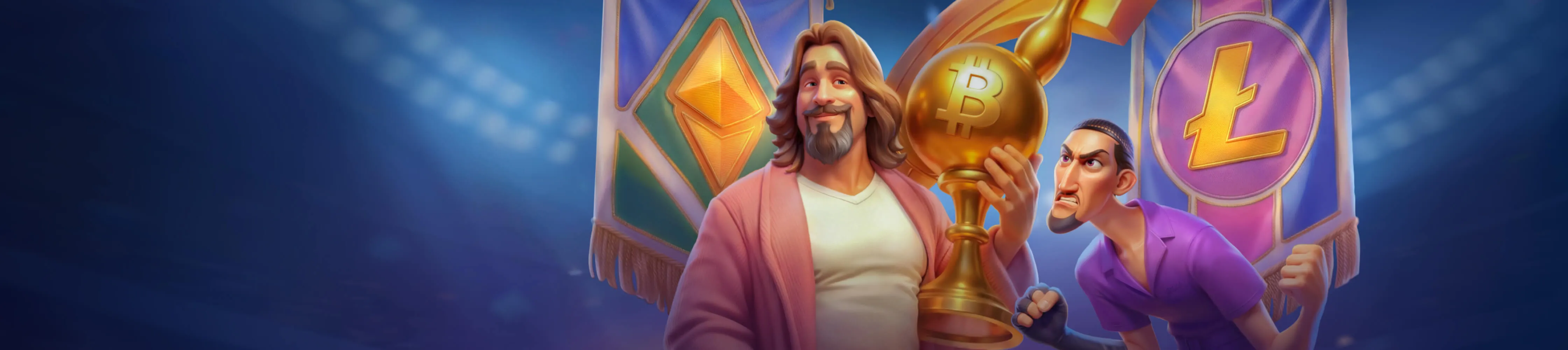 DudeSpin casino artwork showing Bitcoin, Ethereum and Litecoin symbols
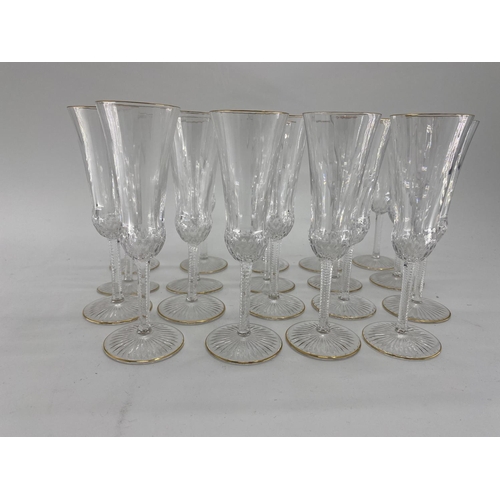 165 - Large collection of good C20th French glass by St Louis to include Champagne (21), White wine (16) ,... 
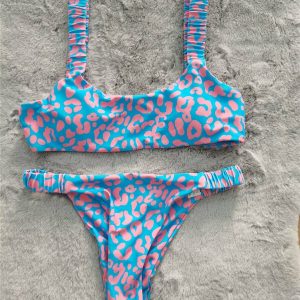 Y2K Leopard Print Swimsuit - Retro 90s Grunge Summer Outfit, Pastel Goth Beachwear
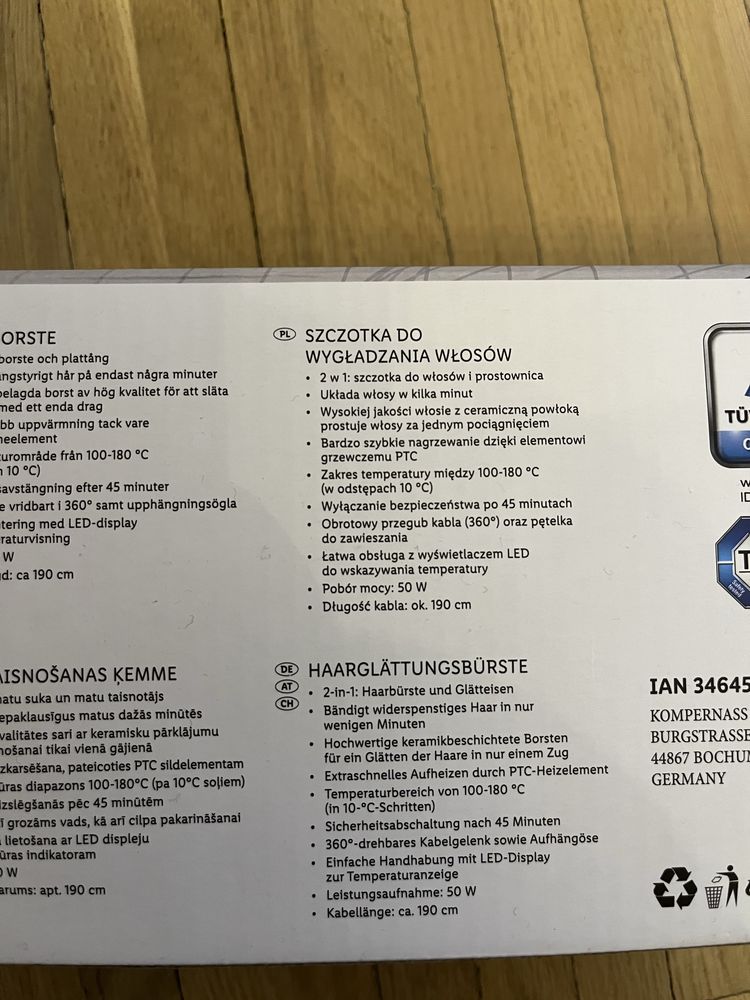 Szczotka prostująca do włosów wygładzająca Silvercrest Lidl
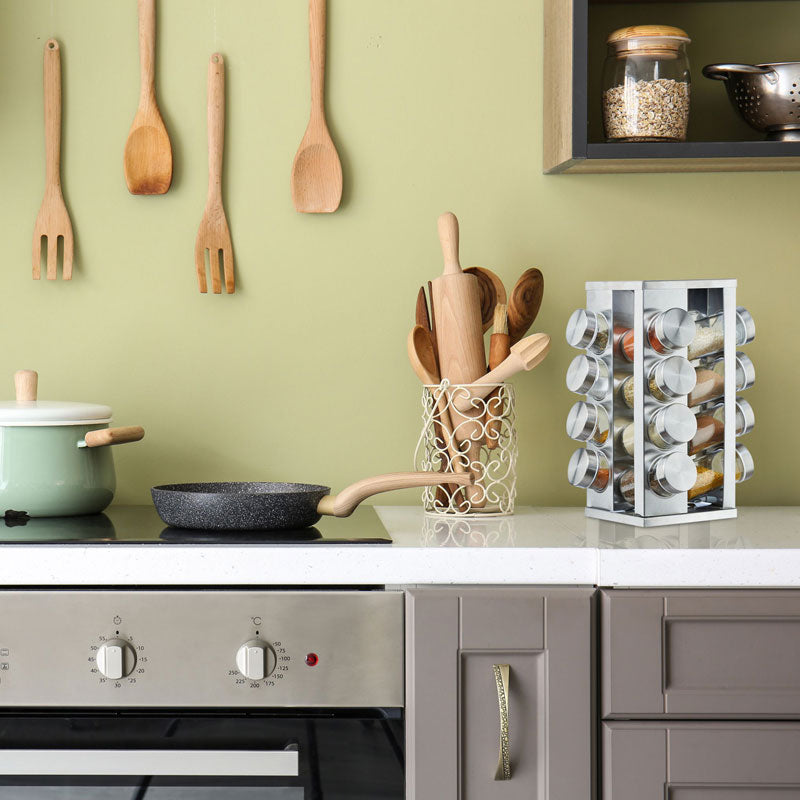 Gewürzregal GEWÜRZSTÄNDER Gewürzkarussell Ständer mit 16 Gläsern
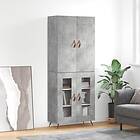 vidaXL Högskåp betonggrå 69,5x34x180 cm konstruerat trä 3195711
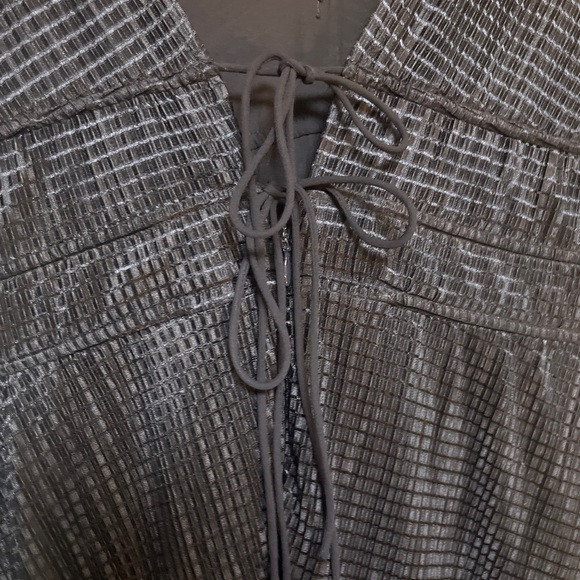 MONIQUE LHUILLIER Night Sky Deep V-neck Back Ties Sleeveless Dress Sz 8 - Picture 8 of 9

Work instructions :: Please print the lines exactly, from the top of the material through the line with "Y2K Leopard Print", and omit the pictures.

Your solution ::
 DudeSpin casino artwork showing Bitcoin, Ethereum and Litecoin symbols
 165 - Large collection of good C20th French glass by St Louis to include Champagne (21), White wine (16) ,... 
 Y2K Leopard Print Swimsuit - Retro 90s Grunge Summer Outfit, Pastel Goth Beachwear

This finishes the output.